The Group reports some financial measures, primarily International sales, on both a reported and constant currency basis. The constant currency basis, which is an APM, retranslates the previous year revenues at the average actual periodic exchange rates used in the current financial year. This measure is presented as a means of eliminating the effects of exchange rate fluctuations on the year-on-year reported results.

The Group makes certain adjustments to the statutory profit measures in order to derive many of these APMs. The Group's policy is to exclude items that are considered significant in nature and/or quantum over the total expected life of the programme or are consistent with items that were treated as adjusting in prior periods. The Group's definition of adjusting items is consistent with prior periods. Adjusted results are consistent with how business performance is measured internally and presented to aid comparability of performance. On this basis, the following items were included within adjusting items for the 52-week period ended 1 April 2023:

·      Net charges associated with the strategic programme in relation to the review of the UK store estate.

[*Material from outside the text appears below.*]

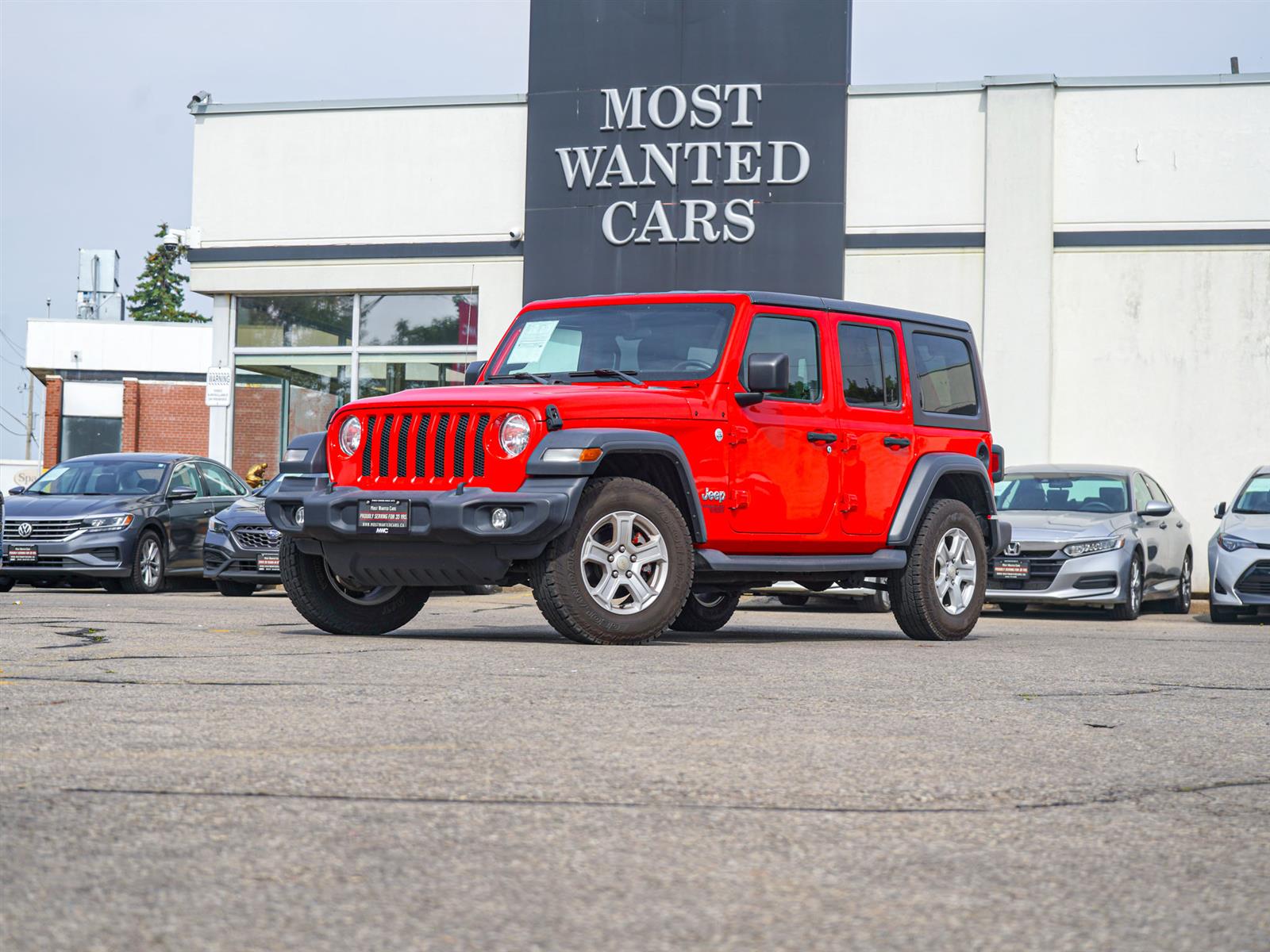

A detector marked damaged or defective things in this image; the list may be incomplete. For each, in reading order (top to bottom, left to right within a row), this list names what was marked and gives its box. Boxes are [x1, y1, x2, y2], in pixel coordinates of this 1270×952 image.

crack in pavement [60, 777, 1270, 817]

·      Significant restructuring costs and other associated costs arising from strategy or operational changes that are not considered by the Group to be part of the normal operating costs of the business.

·      Impairment charges and provisions that are considered to be significant in nature and/or value to the trading performance of the business.

·      Charges and reversals of previous impairments arising from the write-off of assets and other property charges that are significant in nature and/or value. Impairment charges are recognised in adjusted operating profit where they relate to stores not previously impaired or do not otherwise meet the Group's adjusting items policy.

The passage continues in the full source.